Friday, October 18, 2013

A new hominid fossil may simplify the story of human evolution


My goal this year was to get into a habit of posting something interesting every week. Considering that it is now October and I have posted nothing since school started, I would say that I have not exactly succeeded. But failure is no excuse for giving up and this story sounds like a pretty major development in the area of human evolution. The original study is in Science, but most of the good stuff is behind a pay-wall. The BBC has a pretty good write-up though with some good pictures and an interview with the leader of the research team. What they found was a skull from a hominid that lived about 1.8 million years ago in what is now the Dmanisi region of Georgia. There are at least two things that are interesting about the find. First, it is a nearly complete skull including most of the face and brain-case and even most of the teeth. No skull that is this old has ever been found in such good condition. Second, the scientists are not sure how to classify it because it possesses features that are characteristic of several previously identified hominid species. This means that the skull is either a hybrid of several different species or that those groups are not really different species at all and the differences among them simply reflects individual variation. In support of the latter hypothesis, other skulls have been found in the same area over the years that are from a similar time period and show considerable variability when compared to each other.  

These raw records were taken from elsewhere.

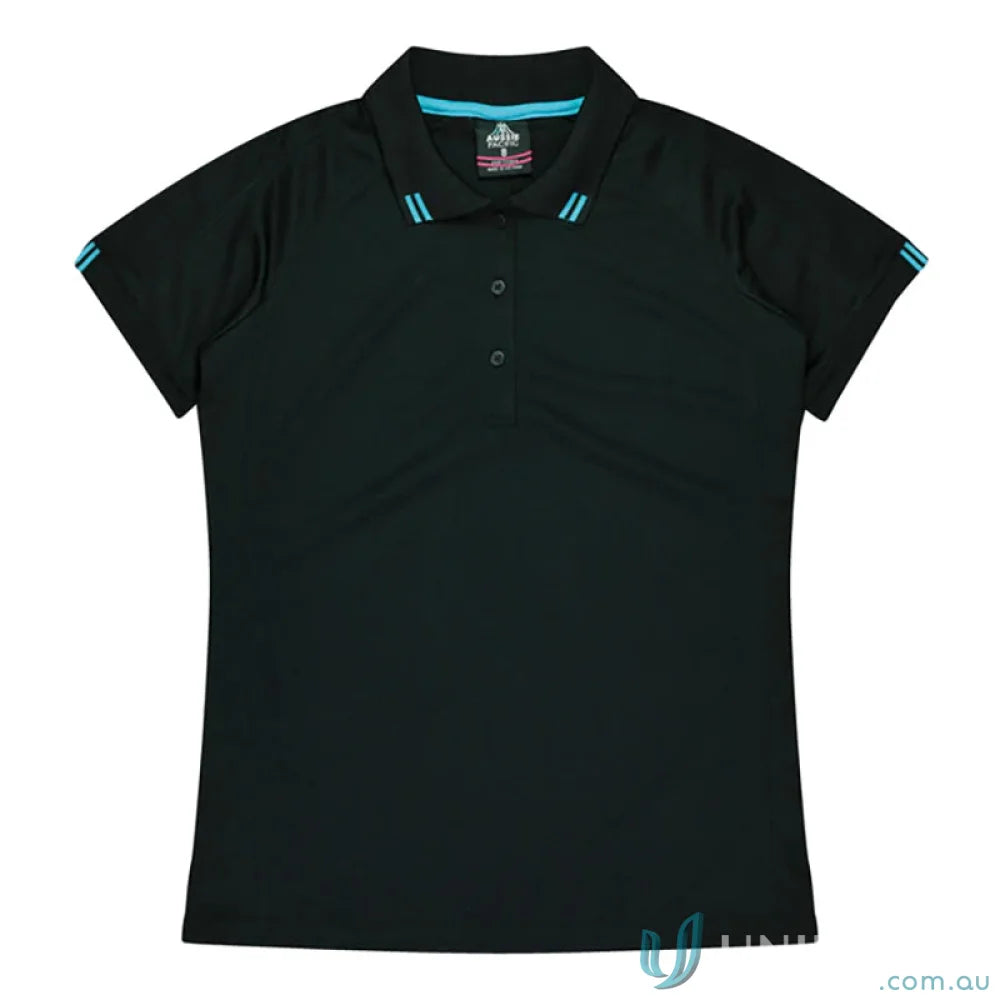 Ladies Flinders Polo black workwear with turquoise accents perfect for uniforms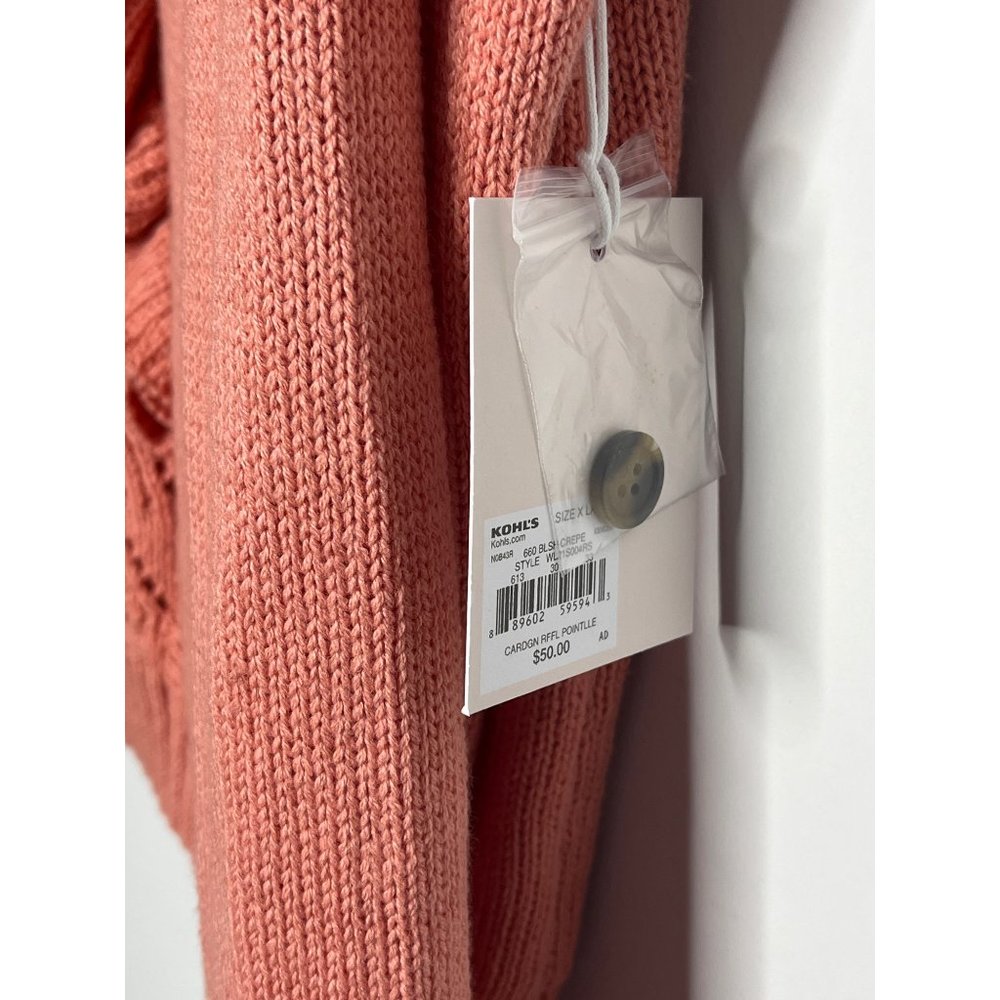 LC Lauren Conrad Womens Long Sleeve Cardigan Sweater Ruffle Button Front Size XL - Picture 8 of 12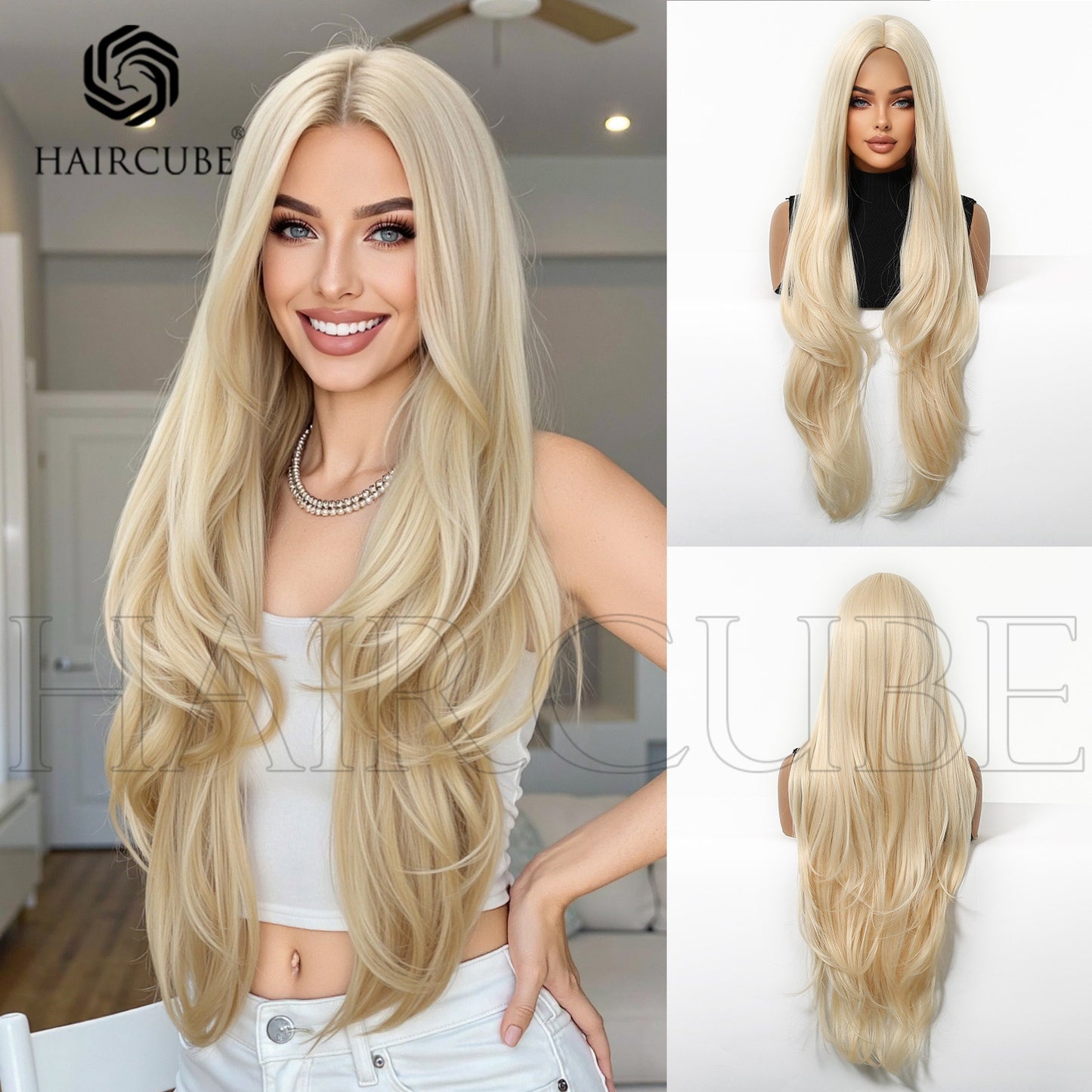 Gray White Gold Color Brown Head Long Straight Wig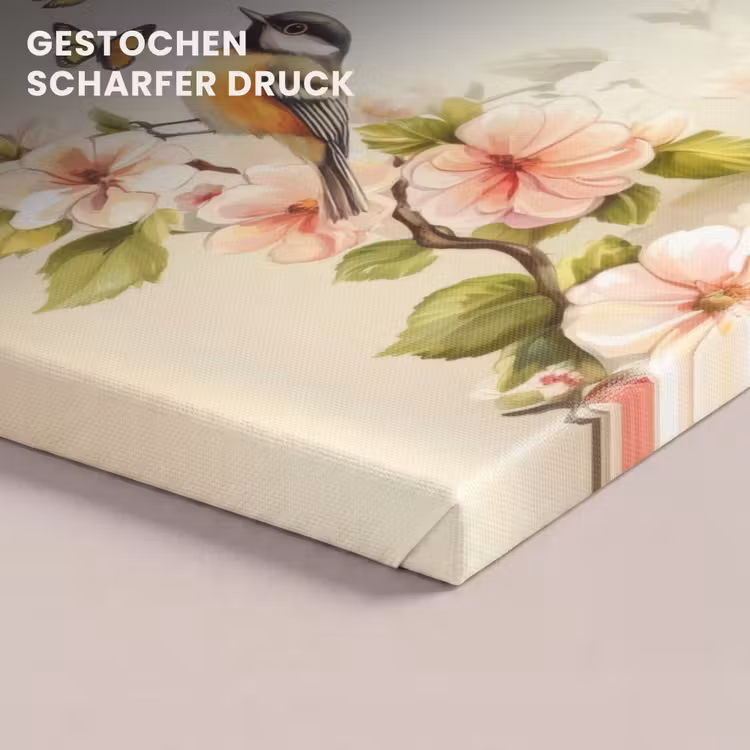 Takken - Bloemen - Vogeltjes - Roze canvas 2cm klein -closeup_print_DE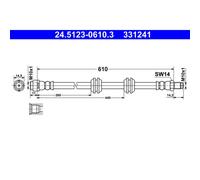 Bremsschlauch ATE 24.5123-0610.3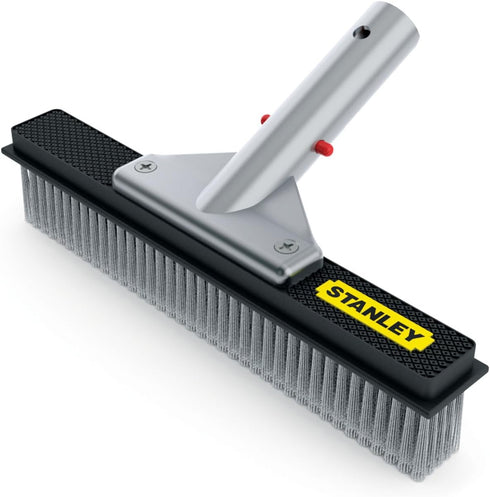 Stanley 20877 10 Inch Aluminum-Back Swimming Pool Algae Brush With Stainless Steel Bristles...
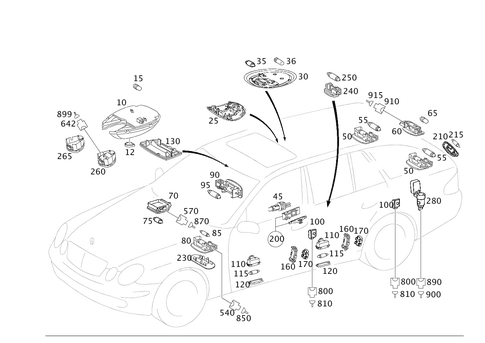 Interior Lamps, Plug Socket in Loading Compartment for 1994 Mercedes-Benz E320 #0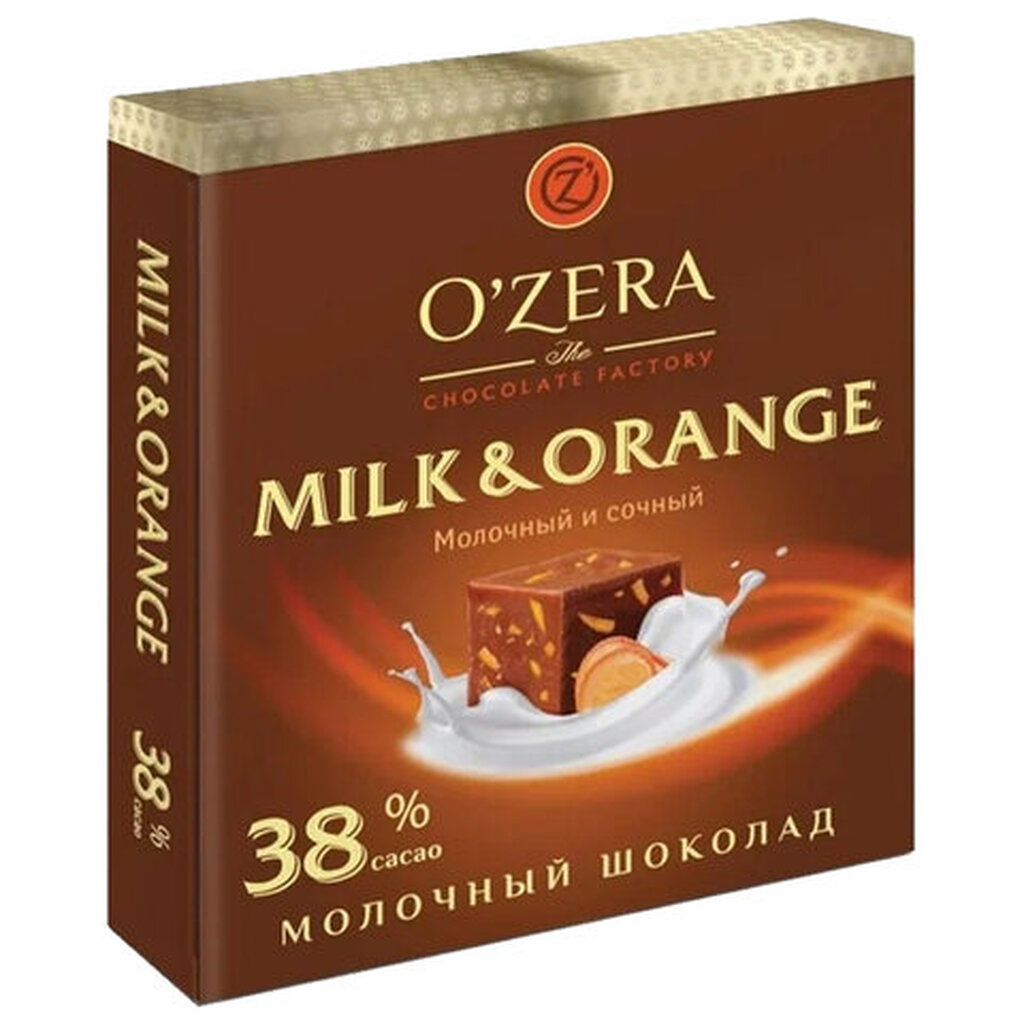 Шоколад порционный O'ZERA "Milk & Orange", молочный с апельсином, 90 г, ОС824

The most likely explanation is that all these individuals are members of a single population of a single species. If that is true, it would suggest that many of the hominid fossils that have been found in Africa and Europe are members of the same species and not of separate species as they have been classified in the past. This is a common problem in paleontology: whenever multiple individual fossils are discovered that are not exactly like each other, it is hard to tell if they are members of the same species. Sometimes, two individuals that are considerably different from each other are placed in separate species only to be reassigned to the same species once more specimens are found that share characteristics of both groups.